> [Work to complete]:
Please restate, word for word, each line from the one containing "MuchoWow Handyhülle Schutzhülle" through the end of the entries below.

> [Listed entries]:
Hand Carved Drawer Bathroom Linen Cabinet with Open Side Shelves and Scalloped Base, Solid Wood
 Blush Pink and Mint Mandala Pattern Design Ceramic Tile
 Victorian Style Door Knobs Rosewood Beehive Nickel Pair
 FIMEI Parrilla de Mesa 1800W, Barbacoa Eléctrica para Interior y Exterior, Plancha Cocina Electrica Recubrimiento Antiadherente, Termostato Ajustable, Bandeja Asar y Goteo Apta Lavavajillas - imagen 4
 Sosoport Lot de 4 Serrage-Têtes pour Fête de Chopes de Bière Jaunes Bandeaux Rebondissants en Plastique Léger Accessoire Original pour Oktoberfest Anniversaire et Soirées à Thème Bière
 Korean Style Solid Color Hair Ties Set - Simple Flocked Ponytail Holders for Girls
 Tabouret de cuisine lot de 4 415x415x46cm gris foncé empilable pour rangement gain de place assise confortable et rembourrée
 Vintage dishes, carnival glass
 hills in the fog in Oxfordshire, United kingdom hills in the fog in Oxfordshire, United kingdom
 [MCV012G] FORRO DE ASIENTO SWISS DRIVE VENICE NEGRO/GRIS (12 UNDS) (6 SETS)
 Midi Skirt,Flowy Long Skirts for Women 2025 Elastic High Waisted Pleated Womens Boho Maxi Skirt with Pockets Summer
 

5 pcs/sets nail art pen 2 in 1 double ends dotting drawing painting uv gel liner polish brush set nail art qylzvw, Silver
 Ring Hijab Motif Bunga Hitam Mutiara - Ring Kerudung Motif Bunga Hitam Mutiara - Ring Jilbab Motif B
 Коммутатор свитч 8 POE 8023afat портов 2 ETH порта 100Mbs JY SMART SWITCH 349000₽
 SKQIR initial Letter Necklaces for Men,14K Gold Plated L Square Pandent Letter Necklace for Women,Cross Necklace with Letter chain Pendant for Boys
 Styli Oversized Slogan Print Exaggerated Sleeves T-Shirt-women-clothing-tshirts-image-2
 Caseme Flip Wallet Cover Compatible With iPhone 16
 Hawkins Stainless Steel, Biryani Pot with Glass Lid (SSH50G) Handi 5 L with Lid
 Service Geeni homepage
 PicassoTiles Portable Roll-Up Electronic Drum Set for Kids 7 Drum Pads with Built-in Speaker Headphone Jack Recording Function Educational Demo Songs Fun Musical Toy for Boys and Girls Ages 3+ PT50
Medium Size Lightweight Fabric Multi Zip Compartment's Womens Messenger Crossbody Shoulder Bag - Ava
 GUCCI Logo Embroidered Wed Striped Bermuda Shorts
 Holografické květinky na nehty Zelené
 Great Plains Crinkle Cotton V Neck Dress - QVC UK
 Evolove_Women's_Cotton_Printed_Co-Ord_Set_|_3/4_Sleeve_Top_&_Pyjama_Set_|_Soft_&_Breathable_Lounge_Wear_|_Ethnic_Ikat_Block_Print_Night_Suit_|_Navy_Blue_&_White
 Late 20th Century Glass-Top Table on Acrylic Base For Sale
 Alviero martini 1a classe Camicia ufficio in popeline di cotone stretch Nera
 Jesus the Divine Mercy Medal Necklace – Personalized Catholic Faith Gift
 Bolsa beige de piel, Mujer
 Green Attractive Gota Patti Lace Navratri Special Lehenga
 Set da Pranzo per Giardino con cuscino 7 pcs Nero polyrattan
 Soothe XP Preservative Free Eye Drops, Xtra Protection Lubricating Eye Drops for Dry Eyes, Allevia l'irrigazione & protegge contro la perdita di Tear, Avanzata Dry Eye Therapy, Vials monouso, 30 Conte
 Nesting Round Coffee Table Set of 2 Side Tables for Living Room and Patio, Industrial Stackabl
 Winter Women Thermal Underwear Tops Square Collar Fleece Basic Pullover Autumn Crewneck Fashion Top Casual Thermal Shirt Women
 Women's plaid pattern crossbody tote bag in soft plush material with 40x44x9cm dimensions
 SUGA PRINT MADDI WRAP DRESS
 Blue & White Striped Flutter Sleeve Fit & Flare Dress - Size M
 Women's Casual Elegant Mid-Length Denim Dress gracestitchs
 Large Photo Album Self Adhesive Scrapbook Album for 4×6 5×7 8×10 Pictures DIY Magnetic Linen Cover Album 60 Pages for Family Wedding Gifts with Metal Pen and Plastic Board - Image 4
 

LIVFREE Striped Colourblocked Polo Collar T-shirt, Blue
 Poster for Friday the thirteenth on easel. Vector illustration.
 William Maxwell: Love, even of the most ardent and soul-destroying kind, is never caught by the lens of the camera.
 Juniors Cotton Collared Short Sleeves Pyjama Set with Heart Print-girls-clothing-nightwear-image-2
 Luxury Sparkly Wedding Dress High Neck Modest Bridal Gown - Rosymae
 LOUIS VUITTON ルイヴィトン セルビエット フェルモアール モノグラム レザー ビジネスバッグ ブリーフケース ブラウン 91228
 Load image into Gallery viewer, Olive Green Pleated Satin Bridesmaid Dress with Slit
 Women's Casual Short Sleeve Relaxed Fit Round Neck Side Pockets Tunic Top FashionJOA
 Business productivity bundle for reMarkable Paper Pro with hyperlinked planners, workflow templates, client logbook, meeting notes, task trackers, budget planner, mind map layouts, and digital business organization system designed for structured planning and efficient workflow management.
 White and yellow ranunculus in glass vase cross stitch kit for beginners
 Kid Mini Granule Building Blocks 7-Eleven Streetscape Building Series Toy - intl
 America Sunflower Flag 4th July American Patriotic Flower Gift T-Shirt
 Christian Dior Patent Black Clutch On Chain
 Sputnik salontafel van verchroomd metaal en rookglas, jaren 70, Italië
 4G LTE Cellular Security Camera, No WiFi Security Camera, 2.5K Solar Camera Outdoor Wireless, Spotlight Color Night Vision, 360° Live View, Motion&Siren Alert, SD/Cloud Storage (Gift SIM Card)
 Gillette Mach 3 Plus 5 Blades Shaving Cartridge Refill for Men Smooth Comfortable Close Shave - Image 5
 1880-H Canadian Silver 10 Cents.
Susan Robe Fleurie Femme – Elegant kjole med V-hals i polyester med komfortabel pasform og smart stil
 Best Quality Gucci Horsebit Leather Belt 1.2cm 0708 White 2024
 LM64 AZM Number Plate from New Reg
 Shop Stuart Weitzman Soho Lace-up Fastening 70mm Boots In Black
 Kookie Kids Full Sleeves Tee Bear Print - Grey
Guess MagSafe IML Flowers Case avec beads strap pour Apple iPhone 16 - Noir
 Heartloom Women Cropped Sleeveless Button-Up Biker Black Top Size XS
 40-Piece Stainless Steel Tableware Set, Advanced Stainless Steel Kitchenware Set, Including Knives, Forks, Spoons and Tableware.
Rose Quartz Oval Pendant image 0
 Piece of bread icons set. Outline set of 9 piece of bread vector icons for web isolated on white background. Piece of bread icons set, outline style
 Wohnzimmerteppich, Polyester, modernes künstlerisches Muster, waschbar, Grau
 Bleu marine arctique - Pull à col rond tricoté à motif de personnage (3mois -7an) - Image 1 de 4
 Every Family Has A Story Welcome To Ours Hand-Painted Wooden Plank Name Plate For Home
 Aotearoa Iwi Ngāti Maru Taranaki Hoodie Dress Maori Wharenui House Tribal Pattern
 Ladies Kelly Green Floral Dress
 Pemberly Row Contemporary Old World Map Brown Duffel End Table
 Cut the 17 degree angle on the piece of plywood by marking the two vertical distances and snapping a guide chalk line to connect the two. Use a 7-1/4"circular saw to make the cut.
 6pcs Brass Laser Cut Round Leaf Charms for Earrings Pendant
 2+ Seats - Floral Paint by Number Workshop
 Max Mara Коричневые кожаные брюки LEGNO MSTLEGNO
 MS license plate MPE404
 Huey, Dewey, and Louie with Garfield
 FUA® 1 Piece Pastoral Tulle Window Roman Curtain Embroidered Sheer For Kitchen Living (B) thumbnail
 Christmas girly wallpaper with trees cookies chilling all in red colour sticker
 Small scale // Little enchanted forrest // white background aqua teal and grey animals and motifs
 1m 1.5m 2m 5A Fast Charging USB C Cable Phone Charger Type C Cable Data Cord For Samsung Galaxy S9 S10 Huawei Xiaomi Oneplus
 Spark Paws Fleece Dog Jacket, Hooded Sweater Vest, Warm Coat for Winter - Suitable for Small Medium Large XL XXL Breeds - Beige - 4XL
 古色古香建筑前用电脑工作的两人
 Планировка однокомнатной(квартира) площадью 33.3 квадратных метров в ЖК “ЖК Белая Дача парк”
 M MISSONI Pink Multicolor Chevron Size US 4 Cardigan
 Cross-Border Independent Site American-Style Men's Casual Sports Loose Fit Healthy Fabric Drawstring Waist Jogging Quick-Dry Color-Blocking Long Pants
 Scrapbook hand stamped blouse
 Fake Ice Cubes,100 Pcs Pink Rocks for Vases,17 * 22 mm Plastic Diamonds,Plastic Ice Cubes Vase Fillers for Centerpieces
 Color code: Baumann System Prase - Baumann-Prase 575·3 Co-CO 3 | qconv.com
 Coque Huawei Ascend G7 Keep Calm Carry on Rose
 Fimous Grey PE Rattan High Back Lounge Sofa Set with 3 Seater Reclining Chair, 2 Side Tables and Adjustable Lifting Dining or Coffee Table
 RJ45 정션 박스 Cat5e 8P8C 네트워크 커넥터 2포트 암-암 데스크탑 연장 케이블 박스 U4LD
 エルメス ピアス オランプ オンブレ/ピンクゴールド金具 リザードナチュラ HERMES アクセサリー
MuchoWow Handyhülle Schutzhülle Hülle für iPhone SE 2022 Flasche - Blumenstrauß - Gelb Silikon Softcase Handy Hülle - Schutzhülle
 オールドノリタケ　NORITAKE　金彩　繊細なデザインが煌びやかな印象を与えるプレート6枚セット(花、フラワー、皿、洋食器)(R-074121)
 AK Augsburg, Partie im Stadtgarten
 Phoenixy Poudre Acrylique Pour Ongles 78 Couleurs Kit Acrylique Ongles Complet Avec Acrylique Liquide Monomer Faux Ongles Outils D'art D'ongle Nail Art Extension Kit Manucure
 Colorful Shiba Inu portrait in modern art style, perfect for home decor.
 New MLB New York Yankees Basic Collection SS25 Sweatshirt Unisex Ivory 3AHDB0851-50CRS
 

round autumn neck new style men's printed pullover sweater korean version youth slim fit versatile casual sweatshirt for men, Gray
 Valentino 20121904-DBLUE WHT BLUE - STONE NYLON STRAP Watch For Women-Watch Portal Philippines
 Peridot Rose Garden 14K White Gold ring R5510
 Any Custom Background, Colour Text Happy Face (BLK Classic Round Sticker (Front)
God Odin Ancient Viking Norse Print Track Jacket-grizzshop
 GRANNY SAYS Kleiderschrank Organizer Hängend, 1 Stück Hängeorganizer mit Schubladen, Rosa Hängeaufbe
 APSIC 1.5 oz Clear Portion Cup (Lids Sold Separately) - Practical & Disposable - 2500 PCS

> [Your solution]:
MuchoWow Handyhülle Schutzhülle Hülle für iPhone SE 2022 Flasche - Blumenstrauß - Gelb Silikon Softcase Handy Hülle - Schutzhülle
 オールドノリタケ　NORITAKE　金彩　繊細なデザインが煌びやかな印象を与えるプレート6枚セット(花、フラワー、皿、洋食器)(R-074121)
 AK Augsburg, Partie im Stadtgarten
 Phoenixy Poudre Acrylique Pour Ongles 78 Couleurs Kit Acrylique Ongles Complet Avec Acrylique Liquide Monomer Faux Ongles Outils D'art D'ongle Nail Art Extension Kit Manucure
 Colorful Shiba Inu portrait in modern art style, perfect for home decor.
 New MLB New York Yankees Basic Collection SS25 Sweatshirt Unisex Ivory 3AHDB0851-50CRS
 

round autumn neck new style men's printed pullover sweater korean version youth slim fit versatile casual sweatshirt for men, Gray
 Valentino 20121904-DBLUE WHT BLUE - STONE NYLON STRAP Watch For Women-Watch Portal Philippines
 Peridot Rose Garden 14K White Gold ring R5510
 Any Custom Background, Colour Text Happy Face (BLK Classic Round Sticker (Front)
God Odin Ancient Viking Norse Print Track Jacket-grizzshop
 GRANNY SAYS Kleiderschrank Organizer Hängend, 1 Stück Hängeorganizer mit Schubladen, Rosa Hängeaufbe
 APSIC 1.5 oz Clear Portion Cup (Lids Sold Separately) - Practical & Disposable - 2500 PCS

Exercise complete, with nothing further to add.